Input for neurophysiologic effects of manual therapy likely occurs by stimulation of cutaneous, musculotendinous, and capsuloligamentous receptors. Stimulation of thick fiber afferent neurons might explain analgesia by way of activation of the gate control mechanism postulated by Melzack and Wall. The persistent postcavitation distention of the joint capsule has been hypothesized to cause depolarization of the thick fiber afferent type III articular mechanoreceptors with resultant inhibitory effects on periarticular muscles. Massage has been shown to reduce motor neuron excitability as measured by a decreased H-reflex in both neurologically normal subjects and in subjects with spinal cord injury. Although Herzog suggested this was due to an artifact related to positional changes, manipulation research has produced similar decreases in motor neuron excitability in healthy subjects that were even more pronounced in subjects with chronic pain. Of course, we cannot exclude supraspinal influences as causing or contributing to this decreased motor neuron excitability but, considering the seemingly increased motor neuron excitability related to those higher-level systems discussed subsequently, this reduction in excitability would seem caused by segmental mechanisms.

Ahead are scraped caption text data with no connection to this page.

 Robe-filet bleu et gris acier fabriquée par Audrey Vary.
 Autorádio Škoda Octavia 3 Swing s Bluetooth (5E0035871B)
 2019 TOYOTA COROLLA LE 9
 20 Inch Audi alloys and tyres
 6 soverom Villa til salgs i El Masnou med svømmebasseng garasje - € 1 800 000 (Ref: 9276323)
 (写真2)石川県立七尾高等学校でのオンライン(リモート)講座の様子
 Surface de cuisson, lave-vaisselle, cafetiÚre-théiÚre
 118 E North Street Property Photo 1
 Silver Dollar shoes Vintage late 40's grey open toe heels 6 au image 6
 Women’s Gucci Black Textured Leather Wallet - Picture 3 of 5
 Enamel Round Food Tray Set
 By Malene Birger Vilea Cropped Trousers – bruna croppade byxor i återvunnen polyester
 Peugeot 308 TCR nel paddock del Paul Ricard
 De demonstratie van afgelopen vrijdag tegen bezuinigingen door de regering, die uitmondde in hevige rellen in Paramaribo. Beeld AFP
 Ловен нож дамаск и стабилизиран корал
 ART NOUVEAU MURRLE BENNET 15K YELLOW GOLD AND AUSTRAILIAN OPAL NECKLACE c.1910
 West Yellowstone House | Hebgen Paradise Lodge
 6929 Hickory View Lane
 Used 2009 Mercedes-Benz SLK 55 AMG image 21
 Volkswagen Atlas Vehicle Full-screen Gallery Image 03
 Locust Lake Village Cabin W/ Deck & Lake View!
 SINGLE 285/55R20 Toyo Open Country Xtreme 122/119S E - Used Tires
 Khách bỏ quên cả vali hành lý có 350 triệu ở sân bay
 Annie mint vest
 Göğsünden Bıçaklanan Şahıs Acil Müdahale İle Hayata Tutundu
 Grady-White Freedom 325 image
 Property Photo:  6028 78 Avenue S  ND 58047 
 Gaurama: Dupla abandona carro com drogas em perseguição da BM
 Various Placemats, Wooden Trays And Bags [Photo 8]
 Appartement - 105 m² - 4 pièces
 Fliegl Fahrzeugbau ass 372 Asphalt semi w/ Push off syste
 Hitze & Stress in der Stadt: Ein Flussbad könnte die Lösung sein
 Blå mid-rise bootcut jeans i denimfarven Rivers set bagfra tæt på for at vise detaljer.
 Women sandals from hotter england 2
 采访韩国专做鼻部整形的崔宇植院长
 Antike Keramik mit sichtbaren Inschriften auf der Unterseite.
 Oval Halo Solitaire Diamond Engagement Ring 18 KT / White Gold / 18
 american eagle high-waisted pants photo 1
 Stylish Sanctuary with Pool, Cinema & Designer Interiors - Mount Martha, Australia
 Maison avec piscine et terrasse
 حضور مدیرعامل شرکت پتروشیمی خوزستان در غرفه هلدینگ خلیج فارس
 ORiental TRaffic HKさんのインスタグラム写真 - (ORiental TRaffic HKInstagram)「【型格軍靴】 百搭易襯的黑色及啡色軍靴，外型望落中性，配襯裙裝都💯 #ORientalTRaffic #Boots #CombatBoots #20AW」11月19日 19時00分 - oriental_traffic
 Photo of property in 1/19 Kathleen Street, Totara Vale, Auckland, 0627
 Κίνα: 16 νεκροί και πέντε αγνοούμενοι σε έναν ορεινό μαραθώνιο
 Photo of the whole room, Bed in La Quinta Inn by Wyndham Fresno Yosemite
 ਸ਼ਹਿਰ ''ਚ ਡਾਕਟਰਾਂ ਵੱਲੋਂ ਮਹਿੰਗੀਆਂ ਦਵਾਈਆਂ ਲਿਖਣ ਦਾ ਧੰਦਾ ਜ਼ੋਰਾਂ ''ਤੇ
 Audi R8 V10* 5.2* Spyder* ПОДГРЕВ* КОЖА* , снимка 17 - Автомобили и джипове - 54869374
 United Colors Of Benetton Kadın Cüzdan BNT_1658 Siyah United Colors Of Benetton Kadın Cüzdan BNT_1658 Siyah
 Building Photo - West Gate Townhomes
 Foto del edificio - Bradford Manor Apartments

Because of the synaptic connections between low-threshold joint and muscle mechanoreceptors, the dorsal periaqueductal gray (PAG) area of the midbrain may also have a role in manipulation-induced analgesia by way of descending inhibitory mechanisms. This PAG plays an important integrative role with regard to the response to stress, pain, and other stimuli by coordination of the nociceptive, autonomic, and motor systems. Its hypothesized role has been supported by manipulation studies showing sympathoexcitation and central postmanipulation motor facilitation—the latter also evidenced by muscle activation remote from the area of manipulation occurring some 50 to 200 msecs after manipulation. The ventrolateral PAG exerts its descending inhibitory influence by way of an opioid mechanism but research has been equivocal when it has come to detecting elevated plasma beta-endorphin levels after manipulation or massage. Similarly, intravenously administered opioid antagonists have not been shown to reverse the hypoalgesic effect of at least nonthrust manual therapy interventions. Although one can question relevance of plasma samples to extrapolate regarding the central role of endorphins in manipulation-induced analgesia with endorphins too large to penetrate the blood-brain barrier, recently the endocannabinoid system has been suggested as relevant to the analgesic but also mood-enhancing effects of manual therapy interventions.
Animal research has also indicated a role for the neuropeptide oxytocin in the plasma and in the PAG in the analgesia produced by massage. Blockade of the oxytocin receptors either in the PAG or systemically was shown to reduce the analgesic effects of massage. Massage in human subjects has been shown to decrease cortisol and increase serotonin levels. Animal research also has implicated central mechanisms working by way of serotonin and norepinephrine in the analgesia produced by nonthrust joint mobilization but no role for gamma-aminobutyric acid (GABA) or endogenous opioids.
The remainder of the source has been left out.